The Board of Directors controls and supervises the company’s executive management, appoints and dismisses the CEO, approves the company’s strategic objectives and risk management principles, and ensures the operation of the management system. The duty of the Board of Directors is to promote the interests of the company and all its shareholders. The members of the Board of Directors do not represent in the company parties that have proposed them as members.

The rules of procedure, the Limited Liability Companies Act and the Corporate Governance Code specify the functions and areas of responsibility belonging to the Board of Directors.

In order to make its work more efficient, the Board of Directors has established an Audit Committee and a Remuneration Committee.

The Board of Directors’ rules of procedure have been approved in the Board’s meeting on 26 April 2019.

Members of Taaleri’s Board of Directors

Name Born Title Board Member Since
Peter Fagernäs 1952 Chairman 2007
Juha Laaksonen 1952 Vice Chairman until 31 May 2019, Member of the Board as of 1 June 2019 2013
Juhani Elomaa 1960 Member of the Board until 31 May 2019, Vice Chairman as of 1 June 2019 2019
Elina Björklund 1970 Member of the Board 2019
Esa Kiiskinen 1963 Member of the Board until 20 March 2019 2014
Vesa Puttonen 1966 Member of the Board 2013
Hanna Maria Sievinen 1972 Member of the Board 2016
Tuomas Syrjänen 1976 Member of the Board 2017

Duties of the Board of Directors

Duties of the Board of Directors, among other things are:

Strategy

Approve:
a) Business plan;
b) Company strategy;
c) Vision, mission and values;
d) Annual budget; and
e) Company’s business and financial targets as well as the Group’s and business segments’ strategic plans.

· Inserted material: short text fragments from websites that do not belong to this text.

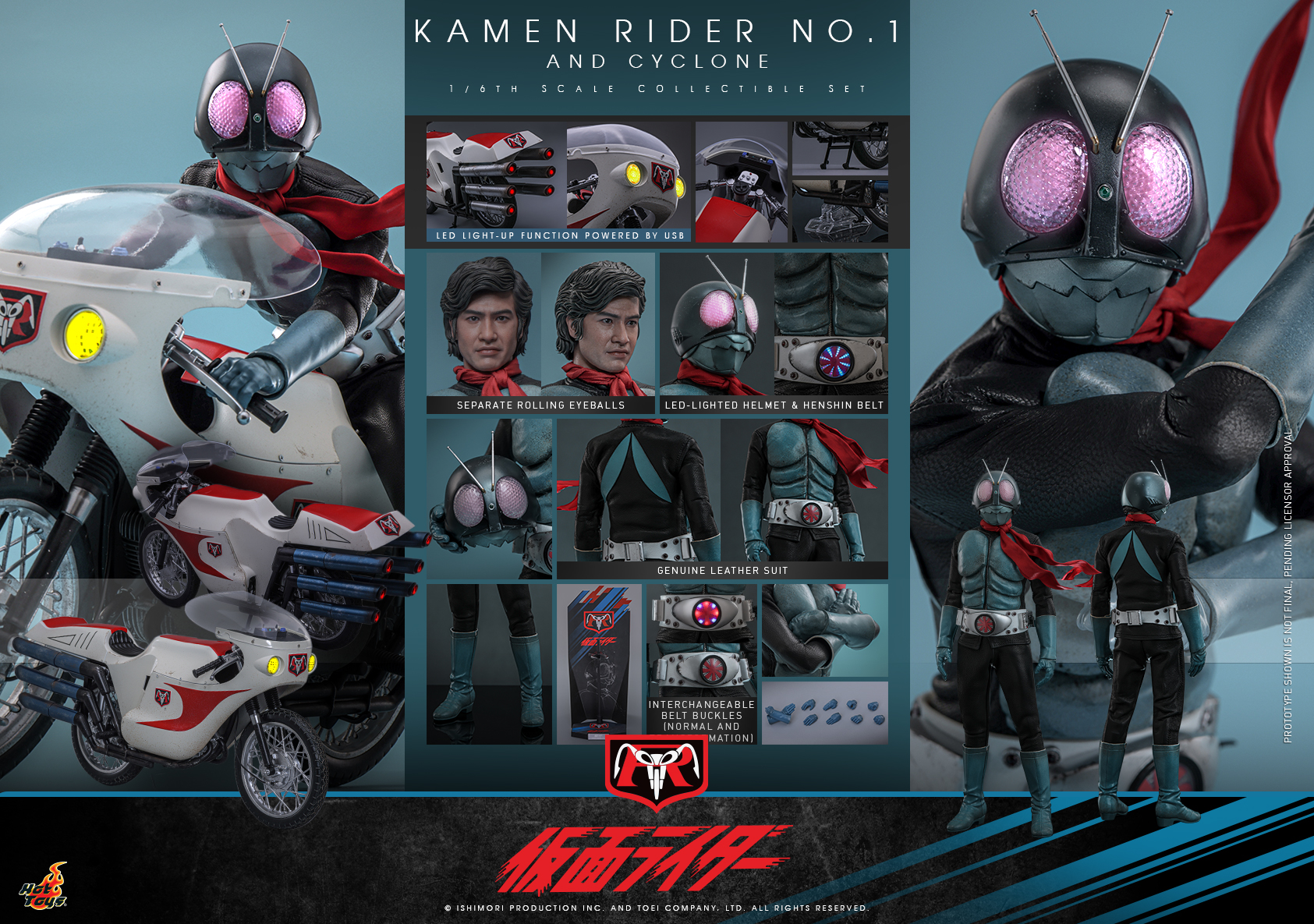 Hot Toys TMS148 Kamen Rider - Kamen Rider No. 1 and Cyclone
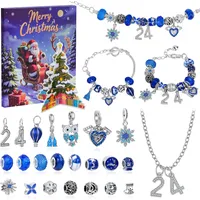 Hysagtek Schmuck Adventskalender 2025 - Weihnachtskalender Armband, 24 Tage Adve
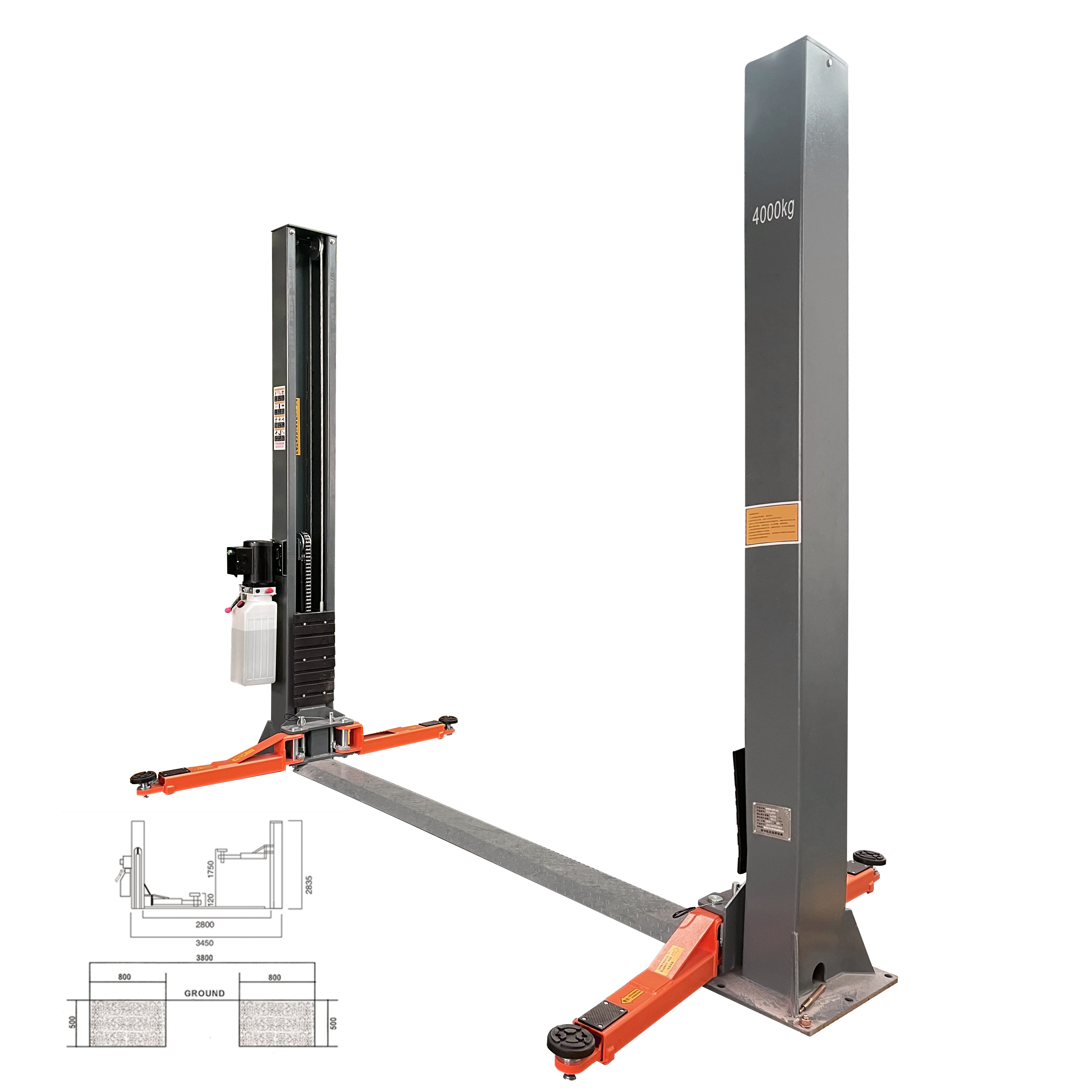 Two Post Car Lifter 4 Tons Car Lifting Machine For Sale Hydraulic 2 Two Post Car Lift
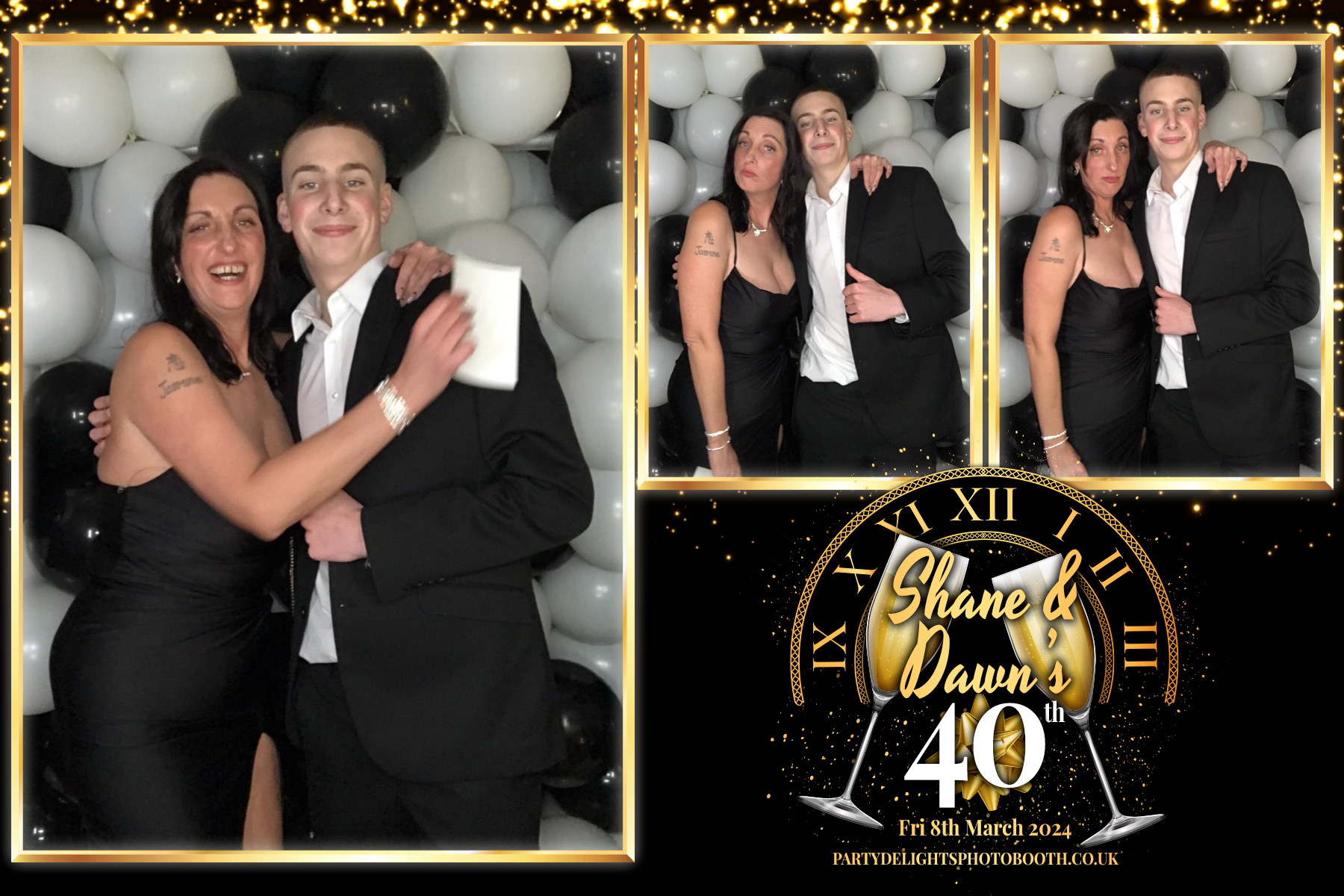 Shane & Dawns 40th birthday extravaganza | View more photos from the event at gallery.partydelightsphotobooth.co.uk/u/PartyDelightsPhotoBooth/Shane-Dawns-40th-birthday-extravaganza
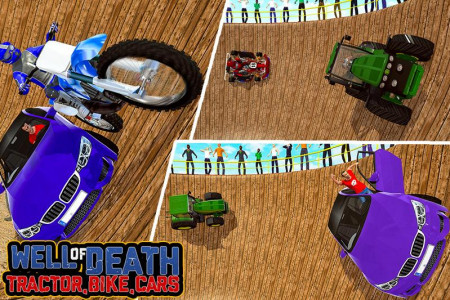 اسکرین شات برنامه Well of Death Stunts: Car Bike 7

Supervise the execution of the Group’s strategy.

Business development

Monitor regularly:
a) Development of the operational business of Group companies;
b) Changes in the operating environment; and 
c) Achievement of set targets.

Organisational structure

Approve the organisational structure of the Company and Group.

Governance

Approve principles and policies required by legislation and requiring Board approval.

Approve the Corporate Governance Statement.

Committees

Decide on the establishment of committees.

Decide on the size and composition of committees.

Rules of procedure

Assess the content, relevance and timeliness of its rules of procedure, annually.

Assess regularly the timeliness of rules of procedure of committees.

Approve the rules of procedure of the Board of Directors, committees and Executive Board.

Stock exchange releases

Approve stock exchange releases (excluding technical stock exchange releases).

Reorganisations, investments, business restructuring, permits

Decide on:
a) Issues related to the Company’s share and other financial instruments; 
b) Company law measures; 
c) The establishment, purchase and sale, revision or divestment of businesses; 
d) The establishment of subsidiaries or associated companies, on the acquisition of existing shares or shareholdings in companies, and on the divestment and cancellation of shares or interests; and 
e) The acquisition, revision, divestment or termination of official permits upon which business is based.

Approval authorisations

Approve limits for investments, divestments and financial commitments that may not be exceeded without Board permission.

Related-party transactions

Approve agreements, transactions and other arrangements between insiders of the Group and Group companies.

Decide on the publication of a stock exchange release about material related-party transactions.

Financial reporting

Process reporting on the Company’s financial situation, the Company’s and Group’s results, and development of sales and personnel, on a regular basis.

Approve internal income and expense allocations used within the Group.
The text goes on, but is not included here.